I spied her sitting next to the desk that the nervous man had been examining when he stepped on her. When she spotted me heading her way, she took off at a gallop, under, over and around the antiques and vintage furniture, looking over her shoulder to make sure I followed. I caught up with her on the wide, majestic staircase off to the side of the room, curving up to the loft area on the second floor. I was mystified, as this was a very different Misty.
She led the way to the back section of the loft that was closed to customers, and filled with broken furniture that handyman George Lucas would one-day repair or recycle into something else. I nimbly jumped on a three-legged table supported by another piece of furniture. It took Misty two false starts before she made it to the top.
What she had to say was troubling; the man who’d stepped on her wasn’t wearing sunglasses or a cap when he’d walked by the display window, she said. He’d pulled them from his pockets and put them on right before he walked into the store.
To my knowledge, humans have poor vision and generally take off their sunglasses when they go indoors, so why go to the trouble of disguising himself before entering the store?
Misty lifted her back leg, licked it a couple of times and left it up in the air, distracted by I don’t know what. I licked her ear to get her refocused on her story, and she continued.
Apparently, when the man was examining the desk, he opened some of the small drawers, took whatever he was chewing out of his mouth, and stuck it in one of the drawers. She said she went to take a closer look and that’s when the brute stepped on her.

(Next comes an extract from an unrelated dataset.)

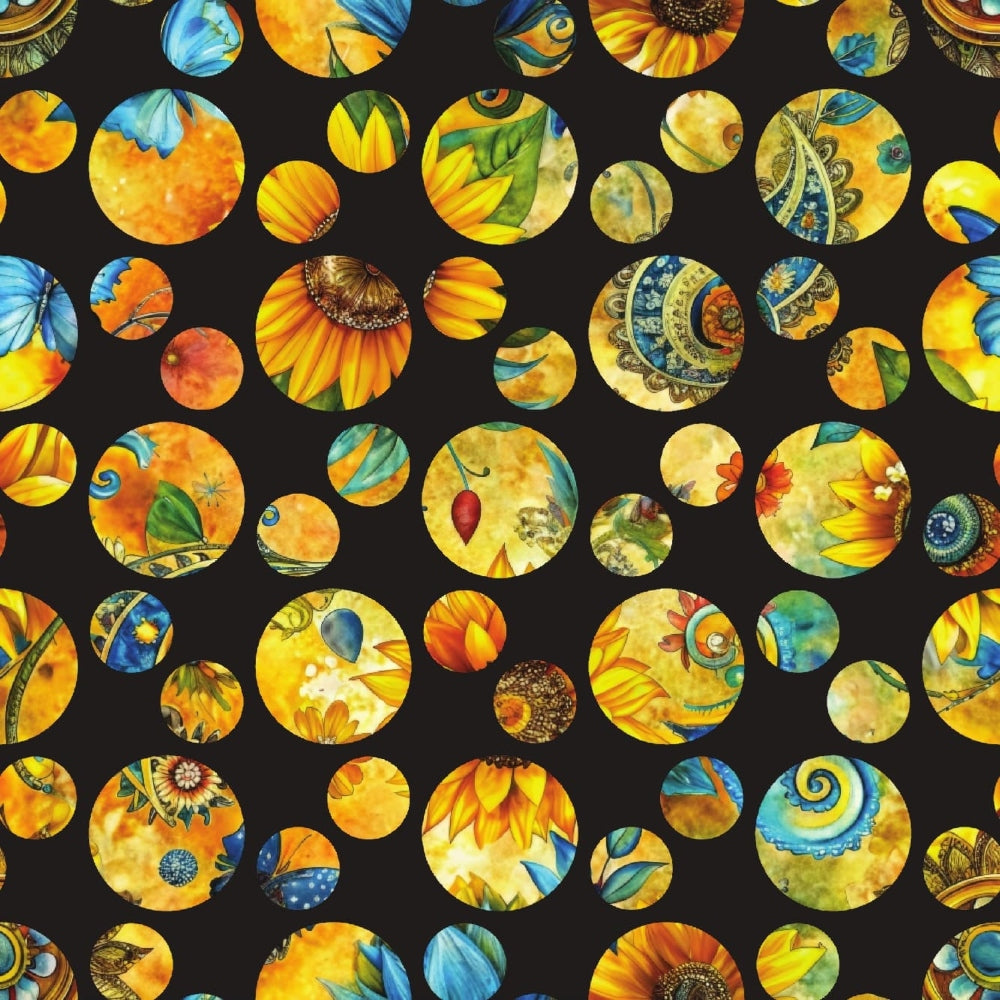 sunflower fields, quilting cotton, fabric panel, golden yellow, bright orange, turquoise blue, emerald green, black background, circular motifs, floral patterns, sunflower petals, botanical designs, nature inspired, vibrant colors, summer themes, geometric circles, mixed patterns, cheerful mood, craft fabric, patchwork elements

Contrary to popular belief, cats can process information as quickly as any human can. It was obvious that the man was trying to disguise himself, and if my deduction was correct, the man who stepped on Misty was the diamond thief.

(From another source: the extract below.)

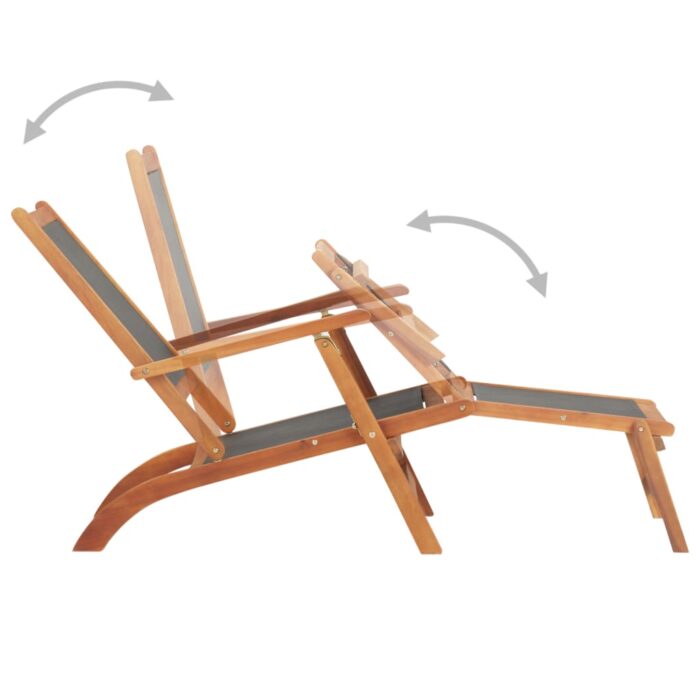 Chaise longue d'extérieur Bois d'acacia massif et textilene – Image 2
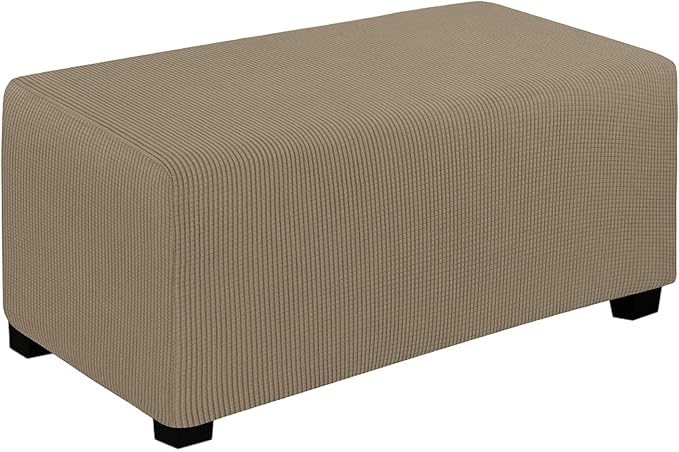 Easy-Going Stretch Ottoman Cover Folding Storage Stool Furniture Protector Soft Rectangle slipcover with Elastic Bottom(Ottoman Large,Natural)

The problem was how to relay the information to Alyx. Communication with those of my kind has never been difficult. We have our ways. Humans use words, and that’s the problem. Misty, however, was sure I’d figure something out––I always did.
I complimented her on a job well done. She said she needed a snack, jumped from the table, hit the floor with her chin, and walked away as if that was the only way to land. She pranced down the stairs, and I followed her to the checkout counter where she fished out her favorite bag of soft treats from the basket that customers kept full. The classy, raven-haired woman tapping her manicured fingers on the counter paid no attention, and with the bag awkwardly dangling from her mouth, Misty walked away in search of someone to open it for her.

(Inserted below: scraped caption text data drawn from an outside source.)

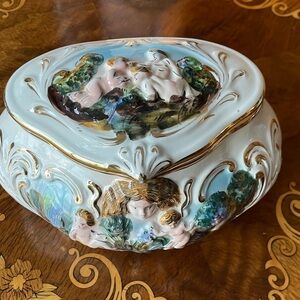 Cherubic Ceramic Keepsake Box with Gold Detailing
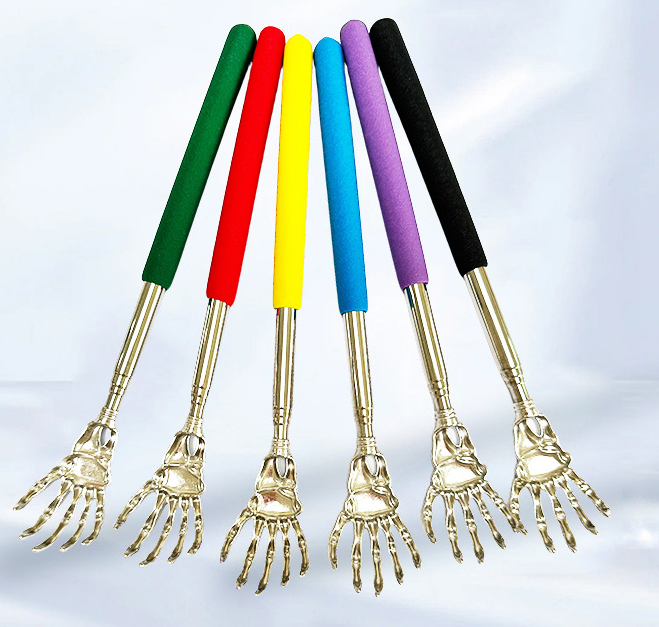 Telescopic Stainless Steel Itch Scratcher with Rubberized Handle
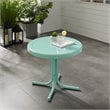 Pemberly Row Modern Steel Metal Patio End Table in Aqua Gloss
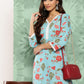 Janasya Women's Sky Blue Cotton Floral Printed Straight Casual Kurta Set | Swadesiicart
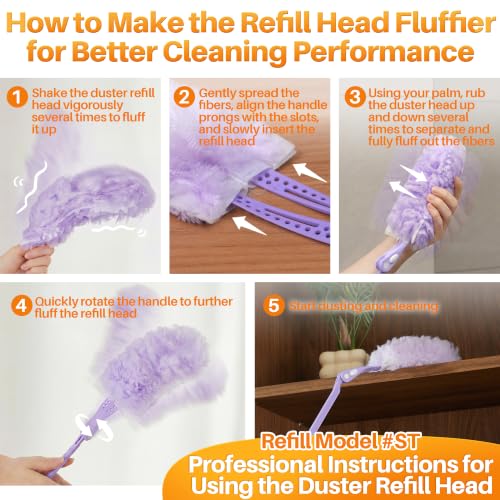 Image of JOYMOOP Scented Telescopic Duster kit, 3FT Extendable Handle (Purple) + 24 Purple Refills for Swiffer Feather Duster,Easy Cleaning for Ceilings, Ceiling Fans, Blinds, Vents & Shelves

The woman at the counter didn’t wait long before she left, and I turned my attention back to the slant-front desk. I stood on my hind legs, peered in the pigeonholes that flanked a central-banded door and tried to open the variety of small drawers. The experience tired me out. I then drifted back upstairs for a nap, and, disturbed by what Misty had told me, I didn’t fall asleep right away.
You see, I left home at a very young age and my mother didn’t have time to teach me much of anything. I do remember her telling me that according to legend, I had the mark of the gods––the
on my forehead was proof of it. Supposedly, that mark made me special. I don’t think it’s only because of the mark––I do have a brain––and it was telling me that the thief hid the diamond in the desk.